Depicting the Prophet Muhammad, as Charlie Hebdo did, would be unthinkable in the Muslim countries of the Middle East, but the region has a centuries-old tradition of satirical poetry and provocative writing. The Arab Spring of 2011 unleashed new comic voices - though some rulers have failed to be amused.

Satirist Bassem Youssef - often called Egypt's Jon Stewart - was the flag-bearer of a new kind of political satire in the country, spoofing the military, the Islamist Muslim Brotherhood and the country's growing nationalist fervor. But he took himself off the air in June after coming under intense official pressure. Since the military's 2013 ouster of Islamist President Mohammed Morsi, Egypt has seen a surge in nationalism that tolerates little criticism of the army or the new president, Abdel-Fattah el-Sissi.
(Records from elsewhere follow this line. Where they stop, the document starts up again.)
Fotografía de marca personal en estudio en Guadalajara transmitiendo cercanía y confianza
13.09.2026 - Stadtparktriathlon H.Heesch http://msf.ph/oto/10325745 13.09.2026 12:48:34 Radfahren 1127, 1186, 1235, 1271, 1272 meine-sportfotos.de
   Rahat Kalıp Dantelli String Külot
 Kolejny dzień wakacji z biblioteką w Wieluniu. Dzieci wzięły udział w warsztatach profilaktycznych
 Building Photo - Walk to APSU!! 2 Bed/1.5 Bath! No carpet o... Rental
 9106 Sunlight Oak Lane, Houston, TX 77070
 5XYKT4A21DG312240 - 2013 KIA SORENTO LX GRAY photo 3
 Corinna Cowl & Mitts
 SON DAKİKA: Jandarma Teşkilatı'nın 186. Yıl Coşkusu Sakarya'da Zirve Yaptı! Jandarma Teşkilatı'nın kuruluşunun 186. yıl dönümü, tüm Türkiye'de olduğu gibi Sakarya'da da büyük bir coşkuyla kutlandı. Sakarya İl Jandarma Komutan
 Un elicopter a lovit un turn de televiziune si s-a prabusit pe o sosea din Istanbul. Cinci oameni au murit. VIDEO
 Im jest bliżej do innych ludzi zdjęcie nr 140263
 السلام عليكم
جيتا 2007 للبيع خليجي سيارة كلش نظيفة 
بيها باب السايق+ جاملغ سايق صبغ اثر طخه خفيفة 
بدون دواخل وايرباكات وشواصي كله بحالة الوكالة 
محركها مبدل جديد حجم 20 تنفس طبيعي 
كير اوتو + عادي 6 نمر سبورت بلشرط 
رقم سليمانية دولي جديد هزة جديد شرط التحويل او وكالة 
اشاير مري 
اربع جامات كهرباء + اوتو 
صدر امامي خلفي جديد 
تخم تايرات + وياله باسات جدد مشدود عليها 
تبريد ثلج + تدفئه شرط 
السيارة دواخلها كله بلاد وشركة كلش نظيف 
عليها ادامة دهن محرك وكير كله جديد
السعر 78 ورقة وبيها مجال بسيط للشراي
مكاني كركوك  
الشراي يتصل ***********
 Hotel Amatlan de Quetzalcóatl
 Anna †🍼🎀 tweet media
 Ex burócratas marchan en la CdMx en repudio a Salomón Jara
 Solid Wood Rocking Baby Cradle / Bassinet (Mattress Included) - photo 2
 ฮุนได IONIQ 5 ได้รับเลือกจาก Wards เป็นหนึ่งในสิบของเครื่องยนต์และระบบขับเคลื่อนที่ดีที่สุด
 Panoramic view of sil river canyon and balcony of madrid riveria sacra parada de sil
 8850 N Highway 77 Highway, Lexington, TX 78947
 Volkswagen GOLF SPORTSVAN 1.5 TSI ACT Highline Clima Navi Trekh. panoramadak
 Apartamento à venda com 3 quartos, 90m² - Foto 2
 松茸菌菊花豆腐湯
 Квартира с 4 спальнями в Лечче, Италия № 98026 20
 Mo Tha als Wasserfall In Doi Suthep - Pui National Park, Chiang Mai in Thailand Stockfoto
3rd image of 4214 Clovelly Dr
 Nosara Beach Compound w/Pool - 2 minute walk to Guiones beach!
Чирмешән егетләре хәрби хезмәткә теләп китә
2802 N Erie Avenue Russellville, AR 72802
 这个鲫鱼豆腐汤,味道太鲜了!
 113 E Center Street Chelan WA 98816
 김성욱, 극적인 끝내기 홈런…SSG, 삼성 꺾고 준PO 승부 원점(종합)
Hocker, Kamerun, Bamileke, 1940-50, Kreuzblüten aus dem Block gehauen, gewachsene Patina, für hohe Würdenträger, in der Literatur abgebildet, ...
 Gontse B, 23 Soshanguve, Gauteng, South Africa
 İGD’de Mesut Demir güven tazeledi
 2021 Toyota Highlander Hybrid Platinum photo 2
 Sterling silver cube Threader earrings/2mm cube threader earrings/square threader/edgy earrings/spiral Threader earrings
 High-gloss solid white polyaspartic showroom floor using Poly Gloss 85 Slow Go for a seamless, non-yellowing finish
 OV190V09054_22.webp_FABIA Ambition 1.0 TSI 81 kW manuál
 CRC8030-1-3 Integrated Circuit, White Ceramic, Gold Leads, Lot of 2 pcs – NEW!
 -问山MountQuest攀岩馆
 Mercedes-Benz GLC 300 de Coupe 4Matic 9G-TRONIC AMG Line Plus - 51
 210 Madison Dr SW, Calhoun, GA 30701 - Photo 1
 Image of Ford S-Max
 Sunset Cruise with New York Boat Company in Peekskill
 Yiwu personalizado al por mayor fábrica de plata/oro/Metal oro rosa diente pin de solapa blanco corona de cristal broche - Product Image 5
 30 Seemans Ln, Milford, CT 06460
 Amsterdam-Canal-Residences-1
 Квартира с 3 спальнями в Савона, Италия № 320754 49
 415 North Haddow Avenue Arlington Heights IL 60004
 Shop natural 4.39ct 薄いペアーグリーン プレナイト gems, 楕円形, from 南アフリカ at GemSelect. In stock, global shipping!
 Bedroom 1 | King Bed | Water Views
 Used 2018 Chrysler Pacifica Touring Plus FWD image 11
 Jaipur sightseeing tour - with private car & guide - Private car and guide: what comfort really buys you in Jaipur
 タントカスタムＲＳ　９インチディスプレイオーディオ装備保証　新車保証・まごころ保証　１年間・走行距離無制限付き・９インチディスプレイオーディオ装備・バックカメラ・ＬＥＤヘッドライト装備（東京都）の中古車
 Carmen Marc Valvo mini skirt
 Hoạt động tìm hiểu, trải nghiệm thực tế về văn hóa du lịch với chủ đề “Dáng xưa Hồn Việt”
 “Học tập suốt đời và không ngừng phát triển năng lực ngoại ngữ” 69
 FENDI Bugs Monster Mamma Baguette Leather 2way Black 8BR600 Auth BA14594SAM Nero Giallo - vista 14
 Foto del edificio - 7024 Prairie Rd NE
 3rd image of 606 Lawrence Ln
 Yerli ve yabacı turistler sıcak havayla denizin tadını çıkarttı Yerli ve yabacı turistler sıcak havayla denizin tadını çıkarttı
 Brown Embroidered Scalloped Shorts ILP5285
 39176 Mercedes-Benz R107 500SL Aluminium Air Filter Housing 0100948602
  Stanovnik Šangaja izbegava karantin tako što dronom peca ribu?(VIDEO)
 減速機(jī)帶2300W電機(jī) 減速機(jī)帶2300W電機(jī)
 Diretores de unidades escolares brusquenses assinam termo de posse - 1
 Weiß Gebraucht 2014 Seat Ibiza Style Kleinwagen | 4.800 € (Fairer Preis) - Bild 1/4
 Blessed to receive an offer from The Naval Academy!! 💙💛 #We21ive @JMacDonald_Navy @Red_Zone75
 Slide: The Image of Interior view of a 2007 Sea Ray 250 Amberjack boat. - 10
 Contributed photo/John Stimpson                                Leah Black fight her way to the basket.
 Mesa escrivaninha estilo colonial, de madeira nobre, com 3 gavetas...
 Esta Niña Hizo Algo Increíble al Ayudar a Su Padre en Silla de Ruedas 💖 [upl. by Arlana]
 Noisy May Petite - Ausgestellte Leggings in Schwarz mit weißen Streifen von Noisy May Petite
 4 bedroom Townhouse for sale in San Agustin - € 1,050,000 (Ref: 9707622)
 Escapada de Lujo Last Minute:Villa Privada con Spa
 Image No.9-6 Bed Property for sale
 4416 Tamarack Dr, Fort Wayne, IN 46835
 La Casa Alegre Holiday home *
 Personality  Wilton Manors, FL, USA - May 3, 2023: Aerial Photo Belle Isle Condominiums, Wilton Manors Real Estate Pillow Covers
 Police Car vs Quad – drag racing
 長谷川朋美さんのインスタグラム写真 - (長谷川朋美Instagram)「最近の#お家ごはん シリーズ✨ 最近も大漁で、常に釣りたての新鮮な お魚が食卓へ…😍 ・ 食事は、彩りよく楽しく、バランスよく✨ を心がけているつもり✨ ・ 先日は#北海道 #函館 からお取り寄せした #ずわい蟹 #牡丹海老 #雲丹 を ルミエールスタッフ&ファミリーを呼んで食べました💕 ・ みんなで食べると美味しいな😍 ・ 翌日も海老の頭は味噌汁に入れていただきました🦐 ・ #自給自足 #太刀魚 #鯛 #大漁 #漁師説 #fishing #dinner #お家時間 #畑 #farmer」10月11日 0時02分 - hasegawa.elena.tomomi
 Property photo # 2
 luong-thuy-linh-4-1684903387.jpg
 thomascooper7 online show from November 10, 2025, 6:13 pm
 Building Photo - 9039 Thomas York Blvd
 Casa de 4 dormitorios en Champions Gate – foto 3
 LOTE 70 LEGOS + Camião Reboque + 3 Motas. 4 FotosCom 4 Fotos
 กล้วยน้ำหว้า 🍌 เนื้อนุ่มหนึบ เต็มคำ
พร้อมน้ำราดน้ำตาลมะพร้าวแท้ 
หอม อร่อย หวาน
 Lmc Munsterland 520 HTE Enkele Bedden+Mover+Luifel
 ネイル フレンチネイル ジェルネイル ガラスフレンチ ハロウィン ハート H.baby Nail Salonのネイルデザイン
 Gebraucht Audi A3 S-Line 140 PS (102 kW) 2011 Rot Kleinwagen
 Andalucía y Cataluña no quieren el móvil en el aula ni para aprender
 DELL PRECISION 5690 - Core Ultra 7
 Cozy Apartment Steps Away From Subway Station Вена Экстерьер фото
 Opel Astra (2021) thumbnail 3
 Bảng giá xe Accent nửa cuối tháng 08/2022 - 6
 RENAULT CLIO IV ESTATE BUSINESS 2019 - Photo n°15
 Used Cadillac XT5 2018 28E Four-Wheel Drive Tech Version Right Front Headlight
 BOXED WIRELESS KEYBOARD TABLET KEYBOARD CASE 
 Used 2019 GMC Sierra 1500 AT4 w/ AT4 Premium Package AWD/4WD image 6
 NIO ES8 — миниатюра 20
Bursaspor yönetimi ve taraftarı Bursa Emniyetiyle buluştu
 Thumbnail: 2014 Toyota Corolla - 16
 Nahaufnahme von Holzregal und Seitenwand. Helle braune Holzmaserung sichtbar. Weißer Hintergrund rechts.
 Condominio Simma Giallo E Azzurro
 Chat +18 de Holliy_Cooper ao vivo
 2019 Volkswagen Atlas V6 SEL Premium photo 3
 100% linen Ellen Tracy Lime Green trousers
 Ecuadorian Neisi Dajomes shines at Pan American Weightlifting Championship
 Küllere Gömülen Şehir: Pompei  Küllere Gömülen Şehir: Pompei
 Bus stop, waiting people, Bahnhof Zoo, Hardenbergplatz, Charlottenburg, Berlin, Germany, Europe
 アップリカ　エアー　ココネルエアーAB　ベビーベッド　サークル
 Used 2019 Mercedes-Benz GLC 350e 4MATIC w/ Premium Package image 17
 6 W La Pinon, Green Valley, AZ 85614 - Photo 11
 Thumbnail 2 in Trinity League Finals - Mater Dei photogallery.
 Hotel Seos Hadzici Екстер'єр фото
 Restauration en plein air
Elsewhere, the onslaught by the extremist Islamic State group has sharpened satirists' barbs, with TV skits from Iraq, Lebanon and Syria mocking the fundamentalist militants as bumblers and hypocrites. In one skit, a jihadi berates a taxi driver for listening to the radio and using air conditioning, because these things did not exist in the earliest days of Islam; he is kicked out of the car and told to wait for a camel.

Newspaper editorial cartoons remain a powerful strand of satire across the region, joined by upstart comics and magazines, including Egyptian youth alt-zine named TokTok, full of dark and sometimes surreal humor, and the feminist comic magazine Shakmagia, or Jewelry Box, which has tackled Egypt's endemic sexual harassment and violence.

"They are teasing out all these difficult issues and often through a backhand way," Jonathan Guyer, a Cairo-based scholar researching Egyptian comics, told The Associated Press in November.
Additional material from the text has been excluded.